TASK OBJECTIVE
Two lines below mark the span: the one containing "Castelli Diluvio All-Road Shoe Covers" and the one containing "iiyama TF2438MSC-B1: PCAP,IPS,FHD,HDMI,DP". Set down both, plus every line between, exactly as they stand, and nothing else.

PROVIDED DATA
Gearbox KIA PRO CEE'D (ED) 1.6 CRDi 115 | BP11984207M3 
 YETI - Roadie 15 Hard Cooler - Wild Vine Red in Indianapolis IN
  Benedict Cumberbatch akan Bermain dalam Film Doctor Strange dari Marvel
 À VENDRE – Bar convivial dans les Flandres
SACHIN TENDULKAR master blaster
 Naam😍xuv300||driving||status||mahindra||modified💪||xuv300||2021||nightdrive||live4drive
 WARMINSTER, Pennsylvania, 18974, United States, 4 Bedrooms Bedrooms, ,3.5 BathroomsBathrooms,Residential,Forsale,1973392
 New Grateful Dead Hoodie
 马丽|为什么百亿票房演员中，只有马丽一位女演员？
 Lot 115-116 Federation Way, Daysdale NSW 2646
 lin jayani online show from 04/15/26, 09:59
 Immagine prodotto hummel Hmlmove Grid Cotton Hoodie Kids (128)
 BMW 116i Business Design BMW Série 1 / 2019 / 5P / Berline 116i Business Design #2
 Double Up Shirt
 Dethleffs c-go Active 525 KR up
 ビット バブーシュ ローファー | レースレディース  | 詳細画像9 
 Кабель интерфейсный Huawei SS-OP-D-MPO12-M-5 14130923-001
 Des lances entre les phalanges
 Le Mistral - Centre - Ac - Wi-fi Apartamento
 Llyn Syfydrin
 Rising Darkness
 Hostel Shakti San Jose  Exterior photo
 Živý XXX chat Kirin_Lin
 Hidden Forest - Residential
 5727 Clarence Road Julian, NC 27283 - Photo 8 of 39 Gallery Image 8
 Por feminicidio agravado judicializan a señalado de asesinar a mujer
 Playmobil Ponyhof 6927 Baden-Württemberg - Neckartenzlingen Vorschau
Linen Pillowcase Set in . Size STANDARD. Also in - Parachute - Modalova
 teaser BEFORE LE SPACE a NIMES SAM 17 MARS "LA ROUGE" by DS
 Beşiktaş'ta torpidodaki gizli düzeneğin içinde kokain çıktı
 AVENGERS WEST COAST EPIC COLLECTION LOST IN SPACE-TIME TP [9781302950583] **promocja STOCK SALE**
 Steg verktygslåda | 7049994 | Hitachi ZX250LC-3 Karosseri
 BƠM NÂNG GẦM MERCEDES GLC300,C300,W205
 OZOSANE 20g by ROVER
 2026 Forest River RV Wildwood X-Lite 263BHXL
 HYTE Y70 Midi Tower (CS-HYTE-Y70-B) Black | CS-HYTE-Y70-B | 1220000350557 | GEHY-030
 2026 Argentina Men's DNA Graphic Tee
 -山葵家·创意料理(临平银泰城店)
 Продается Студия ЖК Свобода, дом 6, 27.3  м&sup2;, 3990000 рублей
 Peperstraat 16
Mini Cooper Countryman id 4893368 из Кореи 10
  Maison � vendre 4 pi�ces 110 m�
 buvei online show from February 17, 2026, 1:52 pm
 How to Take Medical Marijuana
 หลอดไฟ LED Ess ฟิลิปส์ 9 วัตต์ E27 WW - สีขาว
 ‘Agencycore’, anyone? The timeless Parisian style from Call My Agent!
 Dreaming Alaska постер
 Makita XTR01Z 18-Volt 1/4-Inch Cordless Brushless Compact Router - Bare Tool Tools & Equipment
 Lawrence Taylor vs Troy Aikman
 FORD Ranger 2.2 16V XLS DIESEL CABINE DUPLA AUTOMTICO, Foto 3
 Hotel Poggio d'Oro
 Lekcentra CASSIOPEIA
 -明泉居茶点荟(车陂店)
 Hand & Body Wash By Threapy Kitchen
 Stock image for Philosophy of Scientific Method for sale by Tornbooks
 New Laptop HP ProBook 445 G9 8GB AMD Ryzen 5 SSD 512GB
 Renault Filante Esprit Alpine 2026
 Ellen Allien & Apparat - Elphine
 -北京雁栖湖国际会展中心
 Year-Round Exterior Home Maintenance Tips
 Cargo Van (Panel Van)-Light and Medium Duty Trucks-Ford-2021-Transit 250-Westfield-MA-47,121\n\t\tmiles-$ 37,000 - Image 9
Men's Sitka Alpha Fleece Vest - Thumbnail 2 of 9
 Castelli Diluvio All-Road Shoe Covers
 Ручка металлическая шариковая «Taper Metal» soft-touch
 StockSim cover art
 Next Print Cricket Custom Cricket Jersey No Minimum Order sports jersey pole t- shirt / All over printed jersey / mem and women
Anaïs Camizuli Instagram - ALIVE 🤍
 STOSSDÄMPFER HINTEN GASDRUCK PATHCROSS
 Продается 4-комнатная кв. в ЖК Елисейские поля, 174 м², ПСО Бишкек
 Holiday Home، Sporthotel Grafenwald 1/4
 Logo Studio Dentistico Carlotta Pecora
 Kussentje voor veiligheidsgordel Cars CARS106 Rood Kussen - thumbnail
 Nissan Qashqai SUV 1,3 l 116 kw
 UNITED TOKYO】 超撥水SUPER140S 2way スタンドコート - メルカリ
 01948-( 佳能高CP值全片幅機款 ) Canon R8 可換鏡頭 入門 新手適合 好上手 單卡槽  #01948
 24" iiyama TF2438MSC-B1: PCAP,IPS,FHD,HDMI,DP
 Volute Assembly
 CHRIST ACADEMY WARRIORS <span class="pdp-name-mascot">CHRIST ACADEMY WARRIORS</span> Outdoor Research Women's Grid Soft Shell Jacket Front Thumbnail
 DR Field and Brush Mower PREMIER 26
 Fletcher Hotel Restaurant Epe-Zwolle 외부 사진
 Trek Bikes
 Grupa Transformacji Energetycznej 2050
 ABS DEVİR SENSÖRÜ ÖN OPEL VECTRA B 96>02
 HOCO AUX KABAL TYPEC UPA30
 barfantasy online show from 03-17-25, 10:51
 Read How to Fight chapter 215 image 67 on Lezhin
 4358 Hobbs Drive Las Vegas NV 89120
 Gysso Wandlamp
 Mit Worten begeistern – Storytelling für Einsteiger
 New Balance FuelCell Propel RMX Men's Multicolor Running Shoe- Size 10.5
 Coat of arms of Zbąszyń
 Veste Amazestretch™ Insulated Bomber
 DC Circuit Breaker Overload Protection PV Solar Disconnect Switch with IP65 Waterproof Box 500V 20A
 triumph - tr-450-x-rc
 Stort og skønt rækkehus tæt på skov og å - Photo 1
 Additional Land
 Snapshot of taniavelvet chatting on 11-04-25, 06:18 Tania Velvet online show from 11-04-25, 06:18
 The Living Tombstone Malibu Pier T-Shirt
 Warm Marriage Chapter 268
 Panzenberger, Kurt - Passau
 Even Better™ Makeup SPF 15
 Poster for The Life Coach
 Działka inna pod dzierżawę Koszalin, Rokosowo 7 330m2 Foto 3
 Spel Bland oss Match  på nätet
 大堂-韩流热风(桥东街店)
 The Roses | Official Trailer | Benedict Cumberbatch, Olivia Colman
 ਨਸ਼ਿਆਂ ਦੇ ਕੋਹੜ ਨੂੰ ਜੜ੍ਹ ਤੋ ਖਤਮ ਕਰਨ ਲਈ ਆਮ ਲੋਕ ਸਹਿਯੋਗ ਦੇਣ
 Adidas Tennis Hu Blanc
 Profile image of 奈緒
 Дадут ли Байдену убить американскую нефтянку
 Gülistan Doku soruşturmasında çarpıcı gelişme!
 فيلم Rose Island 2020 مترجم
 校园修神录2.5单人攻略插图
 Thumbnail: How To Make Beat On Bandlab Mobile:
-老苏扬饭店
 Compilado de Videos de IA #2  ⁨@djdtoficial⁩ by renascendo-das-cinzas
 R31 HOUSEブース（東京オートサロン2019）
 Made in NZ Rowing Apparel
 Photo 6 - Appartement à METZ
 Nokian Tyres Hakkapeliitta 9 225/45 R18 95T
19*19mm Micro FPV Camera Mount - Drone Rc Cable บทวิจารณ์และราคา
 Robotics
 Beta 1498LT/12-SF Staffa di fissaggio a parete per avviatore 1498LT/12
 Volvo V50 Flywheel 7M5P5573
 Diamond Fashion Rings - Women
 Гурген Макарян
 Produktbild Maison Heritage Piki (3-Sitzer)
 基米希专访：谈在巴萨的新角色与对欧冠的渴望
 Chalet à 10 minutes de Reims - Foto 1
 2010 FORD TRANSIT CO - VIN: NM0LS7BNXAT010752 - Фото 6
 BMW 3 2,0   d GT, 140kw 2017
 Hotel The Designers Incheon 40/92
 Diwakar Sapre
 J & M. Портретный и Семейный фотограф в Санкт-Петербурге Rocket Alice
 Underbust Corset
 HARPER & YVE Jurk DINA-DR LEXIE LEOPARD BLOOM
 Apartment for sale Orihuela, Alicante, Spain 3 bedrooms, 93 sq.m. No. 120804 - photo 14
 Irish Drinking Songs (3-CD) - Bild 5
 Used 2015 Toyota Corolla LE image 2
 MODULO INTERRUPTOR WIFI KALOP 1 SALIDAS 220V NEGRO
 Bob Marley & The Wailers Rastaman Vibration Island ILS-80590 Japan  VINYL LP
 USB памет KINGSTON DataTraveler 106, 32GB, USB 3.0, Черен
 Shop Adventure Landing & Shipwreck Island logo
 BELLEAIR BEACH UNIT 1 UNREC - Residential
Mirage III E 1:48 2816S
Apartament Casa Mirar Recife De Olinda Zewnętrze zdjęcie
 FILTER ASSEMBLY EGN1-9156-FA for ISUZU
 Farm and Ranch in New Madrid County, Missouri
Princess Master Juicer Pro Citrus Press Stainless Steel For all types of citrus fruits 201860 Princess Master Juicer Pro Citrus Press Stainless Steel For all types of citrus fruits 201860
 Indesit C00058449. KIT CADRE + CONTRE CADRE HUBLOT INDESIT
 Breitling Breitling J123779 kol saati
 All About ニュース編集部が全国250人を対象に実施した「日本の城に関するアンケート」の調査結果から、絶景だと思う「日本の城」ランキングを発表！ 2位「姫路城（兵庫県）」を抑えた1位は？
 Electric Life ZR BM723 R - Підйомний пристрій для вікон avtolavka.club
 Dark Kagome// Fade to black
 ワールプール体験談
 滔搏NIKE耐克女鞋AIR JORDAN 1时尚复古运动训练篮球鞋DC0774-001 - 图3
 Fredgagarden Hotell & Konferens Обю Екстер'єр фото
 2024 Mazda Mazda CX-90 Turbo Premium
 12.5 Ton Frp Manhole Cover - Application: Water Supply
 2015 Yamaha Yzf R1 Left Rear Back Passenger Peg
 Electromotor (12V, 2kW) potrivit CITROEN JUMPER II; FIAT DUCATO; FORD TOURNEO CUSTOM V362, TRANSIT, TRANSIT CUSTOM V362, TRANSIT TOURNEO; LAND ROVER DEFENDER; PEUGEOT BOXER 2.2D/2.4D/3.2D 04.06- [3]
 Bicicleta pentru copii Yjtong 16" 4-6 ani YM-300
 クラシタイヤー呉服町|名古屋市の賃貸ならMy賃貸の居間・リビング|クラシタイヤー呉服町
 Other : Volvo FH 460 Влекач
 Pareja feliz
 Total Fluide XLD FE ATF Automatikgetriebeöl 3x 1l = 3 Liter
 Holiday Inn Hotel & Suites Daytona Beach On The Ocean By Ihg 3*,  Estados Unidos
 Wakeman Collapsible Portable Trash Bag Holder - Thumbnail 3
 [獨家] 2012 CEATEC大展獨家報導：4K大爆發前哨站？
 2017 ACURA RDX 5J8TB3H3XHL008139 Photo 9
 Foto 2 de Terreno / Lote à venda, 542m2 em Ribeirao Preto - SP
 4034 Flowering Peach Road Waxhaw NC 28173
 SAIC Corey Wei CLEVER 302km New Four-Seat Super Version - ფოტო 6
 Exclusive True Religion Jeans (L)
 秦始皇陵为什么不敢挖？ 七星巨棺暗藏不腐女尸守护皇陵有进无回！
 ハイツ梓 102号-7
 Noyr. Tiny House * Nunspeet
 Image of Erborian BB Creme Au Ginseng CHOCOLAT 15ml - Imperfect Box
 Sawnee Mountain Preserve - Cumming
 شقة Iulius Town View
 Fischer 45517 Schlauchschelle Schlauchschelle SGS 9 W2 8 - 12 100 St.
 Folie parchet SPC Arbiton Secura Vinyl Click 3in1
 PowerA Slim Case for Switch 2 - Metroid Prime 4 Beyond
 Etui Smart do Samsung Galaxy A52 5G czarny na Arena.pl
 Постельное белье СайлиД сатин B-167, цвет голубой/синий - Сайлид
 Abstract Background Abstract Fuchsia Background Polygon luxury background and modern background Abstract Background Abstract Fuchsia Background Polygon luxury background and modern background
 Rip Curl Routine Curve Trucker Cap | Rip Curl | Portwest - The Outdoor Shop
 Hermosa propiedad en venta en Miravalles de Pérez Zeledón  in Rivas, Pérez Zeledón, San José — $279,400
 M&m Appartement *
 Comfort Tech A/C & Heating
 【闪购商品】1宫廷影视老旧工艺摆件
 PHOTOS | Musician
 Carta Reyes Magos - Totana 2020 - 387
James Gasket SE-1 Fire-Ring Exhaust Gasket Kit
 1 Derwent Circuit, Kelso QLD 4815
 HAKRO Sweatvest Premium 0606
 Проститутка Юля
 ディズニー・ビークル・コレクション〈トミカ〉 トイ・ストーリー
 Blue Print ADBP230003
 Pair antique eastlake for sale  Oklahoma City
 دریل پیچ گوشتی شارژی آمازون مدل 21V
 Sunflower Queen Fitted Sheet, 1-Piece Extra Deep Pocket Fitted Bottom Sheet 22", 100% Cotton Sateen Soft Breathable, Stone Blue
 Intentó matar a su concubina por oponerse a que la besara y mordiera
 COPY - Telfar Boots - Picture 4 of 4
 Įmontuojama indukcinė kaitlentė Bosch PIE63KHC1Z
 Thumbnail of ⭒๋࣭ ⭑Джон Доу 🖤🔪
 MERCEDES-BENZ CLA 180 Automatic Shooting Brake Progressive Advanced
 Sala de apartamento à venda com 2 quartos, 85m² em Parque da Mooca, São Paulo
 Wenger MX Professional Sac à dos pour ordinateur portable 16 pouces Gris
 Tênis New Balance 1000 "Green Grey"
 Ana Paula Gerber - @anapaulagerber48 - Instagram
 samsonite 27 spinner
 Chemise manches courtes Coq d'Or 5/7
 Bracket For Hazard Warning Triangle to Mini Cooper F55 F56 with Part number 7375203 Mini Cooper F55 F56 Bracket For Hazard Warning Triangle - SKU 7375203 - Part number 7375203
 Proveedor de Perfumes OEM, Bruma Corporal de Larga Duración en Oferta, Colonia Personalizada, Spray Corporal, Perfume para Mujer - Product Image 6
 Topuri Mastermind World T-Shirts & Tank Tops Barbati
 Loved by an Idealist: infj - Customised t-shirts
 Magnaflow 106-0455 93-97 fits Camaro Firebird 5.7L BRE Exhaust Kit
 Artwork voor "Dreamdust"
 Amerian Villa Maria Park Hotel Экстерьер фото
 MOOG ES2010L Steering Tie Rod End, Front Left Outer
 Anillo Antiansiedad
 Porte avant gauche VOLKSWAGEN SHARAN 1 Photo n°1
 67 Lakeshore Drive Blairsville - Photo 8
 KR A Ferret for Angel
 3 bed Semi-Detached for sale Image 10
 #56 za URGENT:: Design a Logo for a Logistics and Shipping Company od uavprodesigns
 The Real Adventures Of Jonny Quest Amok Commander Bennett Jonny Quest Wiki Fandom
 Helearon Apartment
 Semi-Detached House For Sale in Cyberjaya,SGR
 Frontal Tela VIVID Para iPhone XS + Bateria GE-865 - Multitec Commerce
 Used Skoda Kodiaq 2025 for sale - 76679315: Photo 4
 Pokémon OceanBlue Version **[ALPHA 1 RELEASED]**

ANSWER AREA
 Castelli Diluvio All-Road Shoe Covers
 Ручка металлическая шариковая «Taper Metal» soft-touch
 StockSim cover art
 Next Print Cricket Custom Cricket Jersey No Minimum Order sports jersey pole t- shirt / All over printed jersey / mem and women
Anaïs Camizuli Instagram - ALIVE 🤍
 STOSSDÄMPFER HINTEN GASDRUCK PATHCROSS
 Продается 4-комнатная кв. в ЖК Елисейские поля, 174 м², ПСО Бишкек
 Holiday Home، Sporthotel Grafenwald 1/4
 Logo Studio Dentistico Carlotta Pecora
 Kussentje voor veiligheidsgordel Cars CARS106 Rood Kussen - thumbnail
 Nissan Qashqai SUV 1,3 l 116 kw
 UNITED TOKYO】 超撥水SUPER140S 2way スタンドコート - メルカリ
 01948-( 佳能高CP值全片幅機款 ) Canon R8 可換鏡頭 入門 新手適合 好上手 單卡槽  #01948
 24" iiyama TF2438MSC-B1: PCAP,IPS,FHD,HDMI,DP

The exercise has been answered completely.